Yuzhang Lin's five-year study will help improve electric power supply's reliability and resiliency
With the integration of renewable energy and customers’ participation in the electricity markets, today’s electric power distribution systems are experiencing highly uncertain and volatile power flow patterns. To maintain the reliability and efficiency of power supply to homes and businesses, innovative monitoring and control technologies of power distribution systems are necessary.
Research by Asst. Prof. Yuzhang Lin of the Department of Electrical and Computer Engineering may provide the answer. Lin was recently awarded a five-year, $500,000 faculty early-career development (CAREER) grant by the National Science Foundation to conduct a study that will help better predict and visualize power distribution capacity and consumers’ power demand in real time.
Lin’s grant is a prestigious, highly competitive annual program that selects the nation’s best young university scholars who, according to the NSF, “most effectively integrate research and education within the context of the mission of their organization.”
Lin, who obtained his Ph.D. in electrical engineering at Northeastern University in Boston in 2018, joined UMass Lowell later that same year. He will use the CAREER grant to support his research project, “Transforming Distribution System Situational Awareness via Continuous-Time Adaptive Data Fusion.”
Electric power distribution represents the “last-mile” stage in the delivery of electric power, carrying electricity from substations to individual consumers. This power distribution grid design essentially has not changed since it was introduced in the 1880s.
Today’s distribution systems are facing numerous challenges, from severe storms, hurricanes and tornadoes to hackers and aging infrastructure – all of which can lead to power outages. System engineers and utility operators continue to address the ever-growing demand for electricity, which often occurs at random and is not easily controlled.
Electricity generated by wind turbines and solar panels provides clean, renewable energy, but it is also intermittent and difficult to control for grid operators: The wind doesn’t blow and the sun doesn’t shine consistently when customers need electricity.

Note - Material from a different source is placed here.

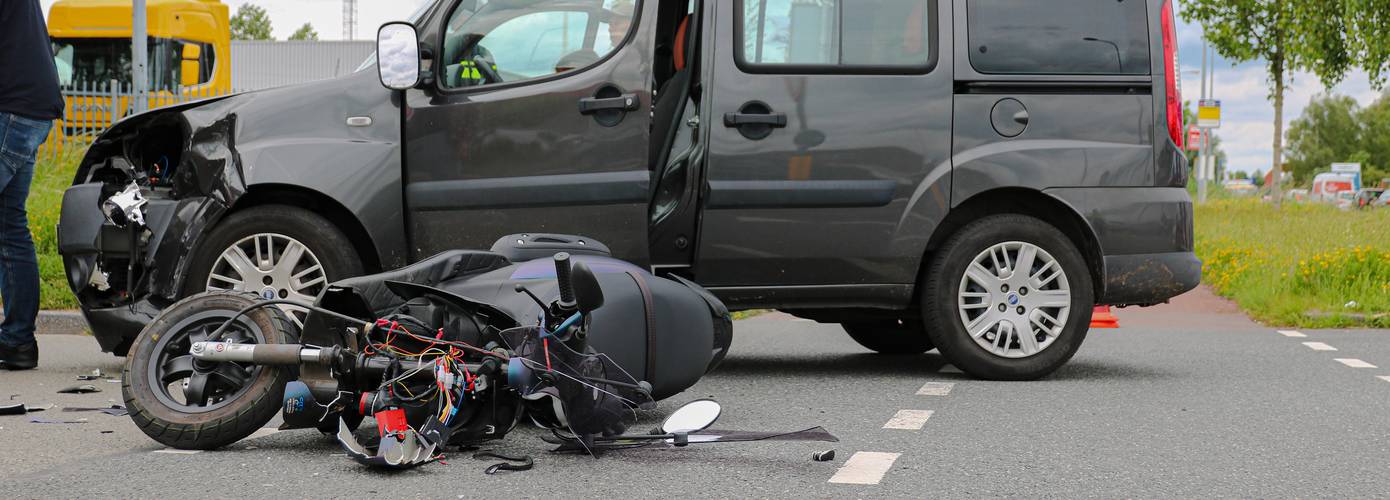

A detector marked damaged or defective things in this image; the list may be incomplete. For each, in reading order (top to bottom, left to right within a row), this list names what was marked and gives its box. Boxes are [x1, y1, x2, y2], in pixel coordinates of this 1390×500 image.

crashed scooter [122, 234, 834, 469]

Lin and his student research team aim to conceptualize and develop a model for tracking the operating conditions of power distribution systems by integrating highly diverse data from sensor networks.
According to Lin, this is a challenging task since today’s distribution systems are equipped with various types of sensors, each of which is dedicated to different applications and is not enough for making the whole grid visible. Furthermore, these sensors have diverse sampling rates, unsynchronized sampling cycles, various accuracy levels and limited communication bandwidths.
“As of now, there has been no comprehensive solution to integrating information from these sensors and providing a full picture of the distribution system’s operating conditions,” notes Lin. “Our proposed technology will provide system operators with full visibility to the grid and enable agile control algorithms for hosting renewable energy generation, as well as improving power supply reliability and resiliency.”
Lin says the project will serve as a foundation for intelligent decision-making and control of the systems without affecting the reliability and quality of the power supply.
“With complete and reliable access to the real-time operating conditions of the grid, system operators can leverage available resources such as energy storage, flexible loads and smart inverters to control power flows and stabilize the grid against volatile renewable energy generation and hazardous events,” Lin explains. “This will help the country achieve its goal of 100% renewable energy in the decades to come.”
Lin’s team will validate its technologies through collaboration with two utility companies, Commonwealth Edison and National Grid. The companies will share their data with the researchers, including distribution system models, locations and types of sensors, as well as the actual sensor measurement data.
“We will use the data to evaluate how accurately our method can capture the operating conditions,” says Lin. “We will test our algorithms under harsh environments, such as sensor failures, communications delay and intermittency, or even cyberattacks.”
Lin will recruit two Ph.D. students to work on the project, as well as at least two undergraduate students to intern during summers.
“This will create great opportunities for undergrads to get exposed to cutting-edge research, improve their modeling, simulation and programming skills, and understand the challenges of integrating renewable energy,” he says.